In Kinderarztpraxen bleibt Berichten zufolge derzeit oft wenig Zeit, um eine RSV-Prophylaxe anzubieten – Lieferengpässe kommen teils hinzu. (Symbolbild)

© Christian Charisius / dpa / picture alliance

Güstrow/Rostock/Kiel/Hamburg. Im Juni empfahl die Ständige Impfkommission (STIKO) für Neugeborene und Säuglinge in ihrer ersten RSV-Saison die passive Immunisierung mit dem Antikörper Nirsevimab – dass dieser bislang aber nicht verlässlich geliefert wird, sorgt bei den Kinderärzten im Norden für Schwierigkeiten.

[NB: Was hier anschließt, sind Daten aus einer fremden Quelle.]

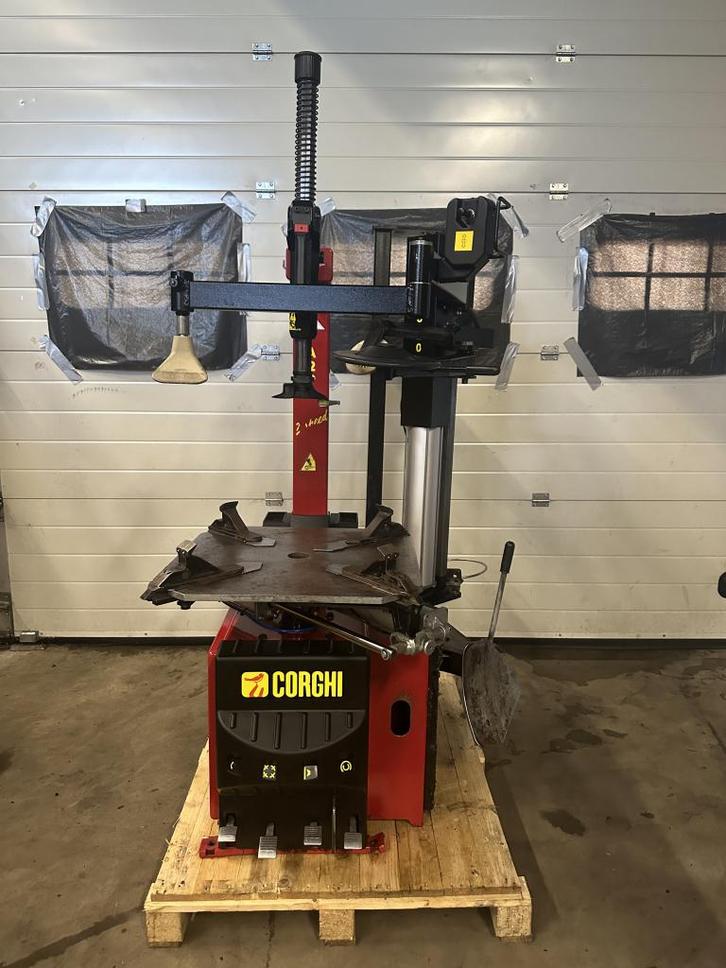 Corghi A224 banden demonteer machine hulparmen, Auto diversen, Overige Auto diversen, Ophalen of Verzenden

Die Nachfrage von den Eltern sei hoch, berichtet die Hamburger Kinderärztin Dr. Charlotte Schulz aus ihrer Praxis. Bislang seien bei ihr aber keine Dosen von Nirsevimab (Beyfortus®, Sanofi) eingetroffen. „Die Apotheke kann auch für nächste Woche noch nichts sagen“, erklärt die Hamburger Sprecherin des Berufsverbands der Kinder- und Jugendärzt*innen (BVKJ). Gerne hätte man Kinder schon bei ohnehin geplanten Terminen immunisiert, sagt die Ärztin. Da aufgrund vieler Erkältungen derzeit immer mehr Kinder in die Praxis kommen, sei in den Sprechstunden kaum Zeit für weitere Termine zum Impfen/Immunisieren. „Jede Woche, die uns da flöten geht, macht das Problem schwieriger“, sagt Schulz.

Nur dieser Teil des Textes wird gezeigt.